Gasparetto Shares Treatment Considerations, Options in 2 Multiple Myeloma Cases

January 6, 2017
Shannon Connelly
Shannon Connelly

Cristina Gasparetto, MD, discuss treatment considerations and options for patients with multiple myeloma based on 2 case scenarios.

Cristina Gasparetto, MD

Cristina Gasparetto, MD, recently sat down withTargeted Oncologyto discuss treatment considerations and options for patients with multiple myeloma based on 2 case scenarios. Gasparetto, an assistant professor of medicine at Duke University School of Medicine and a member of the Duke Cancer Institute, discussed these cases during a live case-based peer perspective event.

Case 1

In the first case, the patient was a 61-year-old Caucasian female who was diagnosed with stage II multiple myeloma in July 2011. Genetic testing showed her to have t(11:14) chromosomal translocation. At the time, she was treated with lenalidomide (Revlimid), bortezomib (Velcade), and dexamethasone induction therapy followed by autologous stem cell transplantation. She achieved a complete response after transplant. The patient was placed on lenalidomide (Revlimid) maintenance therapy.

In January 2014, routine follow-up showed that her M-protein levels had risen to 1.4 d/dL and her light chain levels continued to rise. Although she has developed mild anemia and her creatinine level was slightly elevated to 1.3 md/dL, she continued to work full time, had no bone pain, and had a normal calcium level.

TARGETED ONCOLOGY:Describe the details of the case and your initial impressions of this patient.

Gasparetto:

This was a patient with standard-risk multiple myeloma. She underwent appropriate induction chemotherapy with a triple regimen with bortezomib, lenalidomide, and dexamethasone, and because of her performance status and her age, she appropriately received consolidation with high-dose therapy and some maintenance. We have solid data now showing that early transplant is still beneficial compared to continuation of therapy and the addition of lenalidomide maintenance also is beneficial, prolonging their progression-free survival (PFS) and overall survival (OS), so the patient was treated appropriately.

Generally, after transplant, patients with standard risk should be on lenalidomide a little bit longer, but progressing after 3 years is still not considered to be a poor prognostic factor. Generally, patients progressing within a year from transplant are then treated more aggressively and they are defined as having high-risk myeloma.

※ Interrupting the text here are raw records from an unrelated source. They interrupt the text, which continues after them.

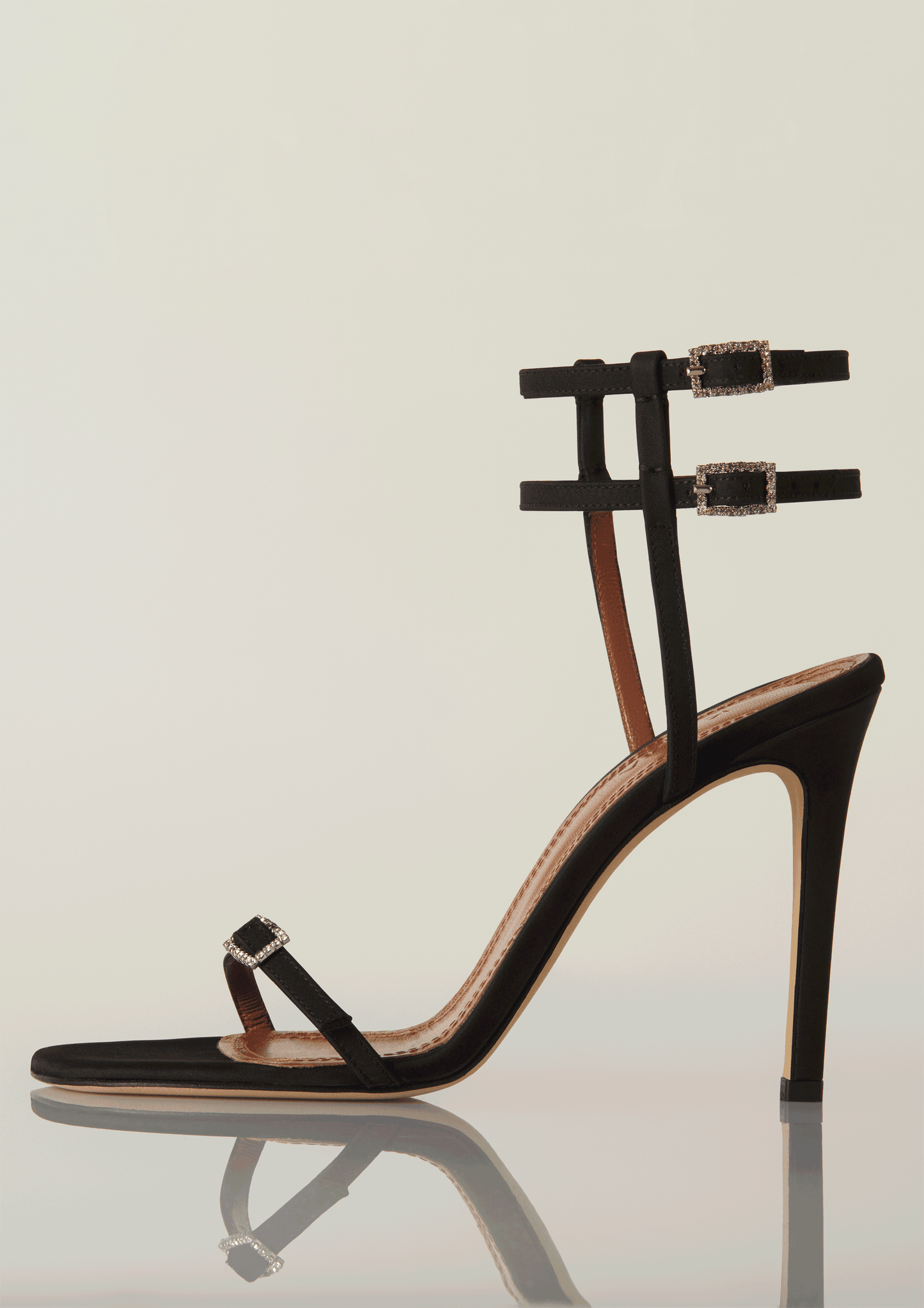 ‘’Angelou’’ black sandal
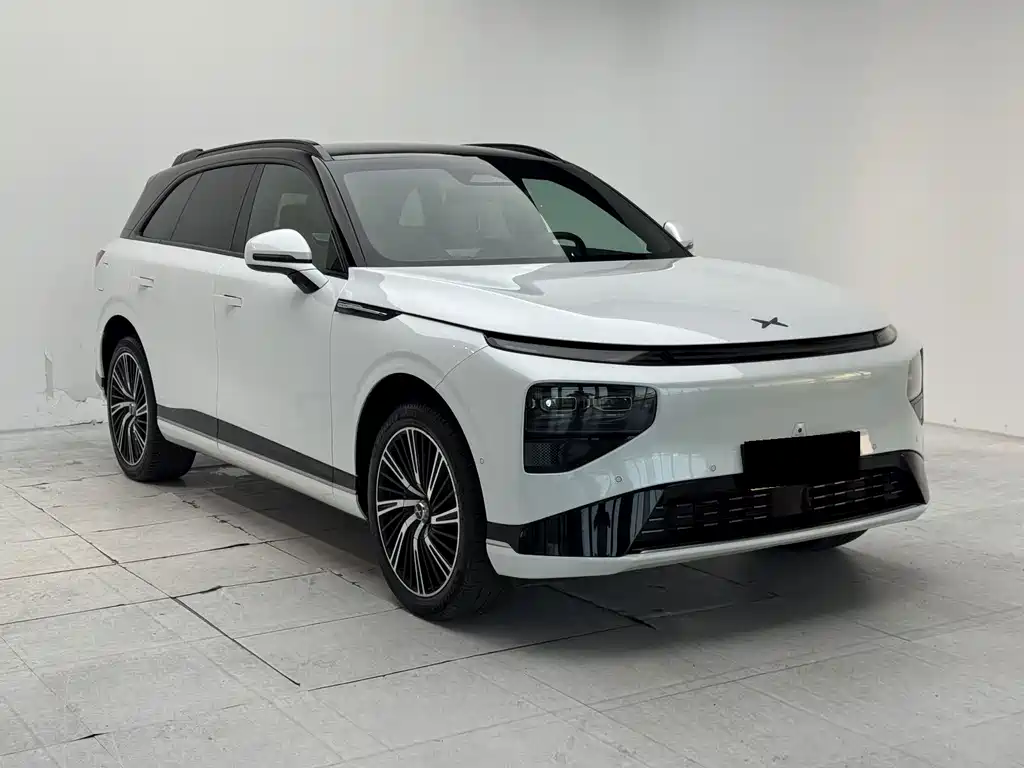 XPeng G9 — миниатюра 3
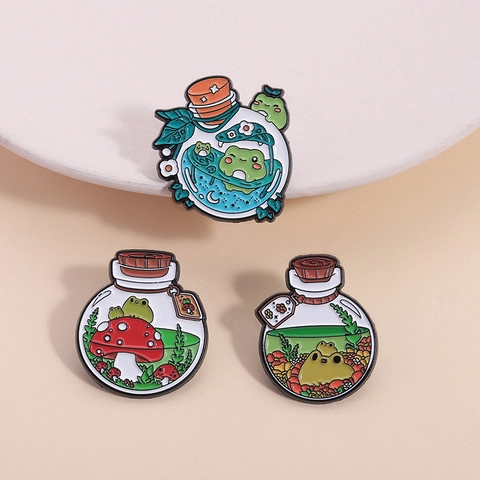 Cartoon Frosch Driftflasche Emaille Pin Niedlich Pilz Pflanze Stern Mond Legierung Lackiert Abzeichen Für Kleidung Rucksack Zubehör Schmuck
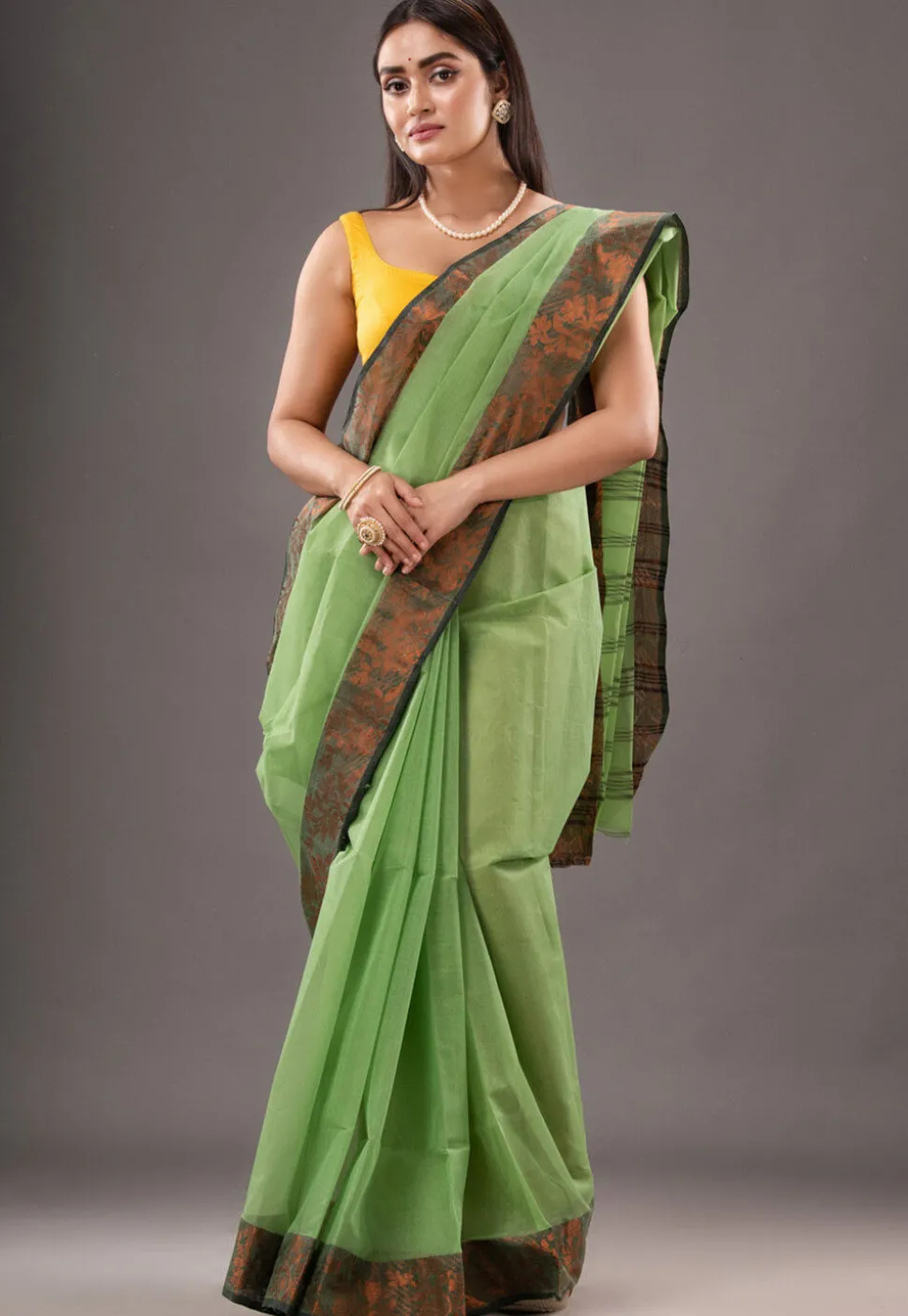 Handloom Pure Cotton Tant Saree in Green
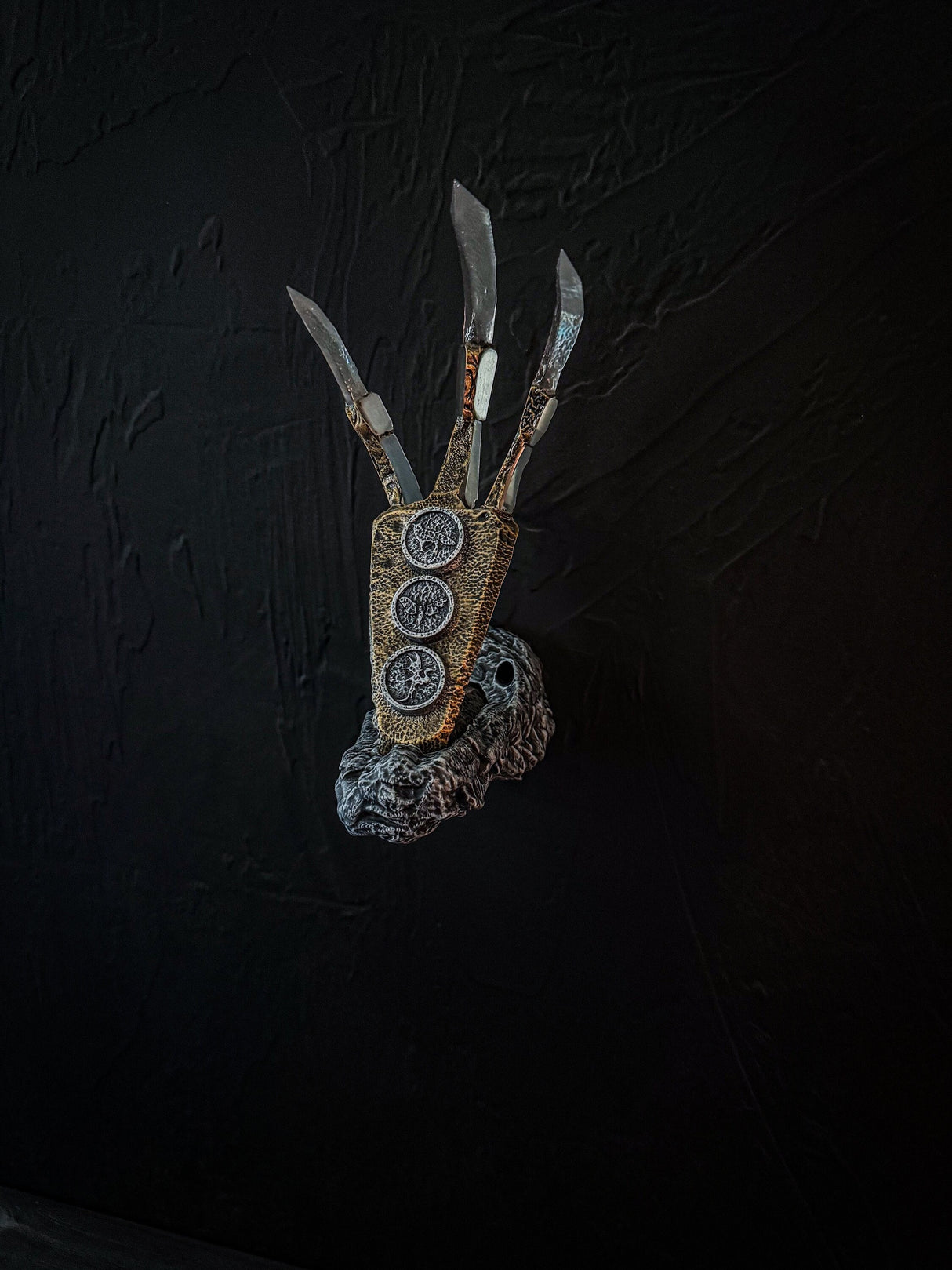 Wall Mount for Dragon Claws, Skyrim Inspired, The Elder Scrolls V, Artifact, Home and Office Decor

This patient progressed after about 3 years. She doesn’t have the classic clinical progression. She has a little bit more anemia, but she doesn’t have any symptoms. After transplant, some patients will progress with a lot of symptoms—new bone lesions, anemia, elevation of renal functions—and they have a worse outcome. Patients will progress with the rising of the M-spike, like in this patient, and so sometimes after transplant we continue to monitor the patient closely a little bit longer, until we figure out their rate of progression. This patient had an M-spike rising to 1.4, so she clearly meets the definition of relapse.

TARGETED ONCOLOGY:Which patients are candidates for maintenance therapy? What are the options?Gasparetto:Lenalidomide maintenance after transplant is becoming standard of care. We have 3 large randomized studies in the transplant setting showing that adding lenalidomide post-transplant improves PFS, and then we have 1 study showing OS benefit, and then a large analysis presented this year at ASCO showing a survival advantage for patients placed on lenalidomide. So pretty much all patients after transplant should have the option of proceeding to lenalidomide maintenance.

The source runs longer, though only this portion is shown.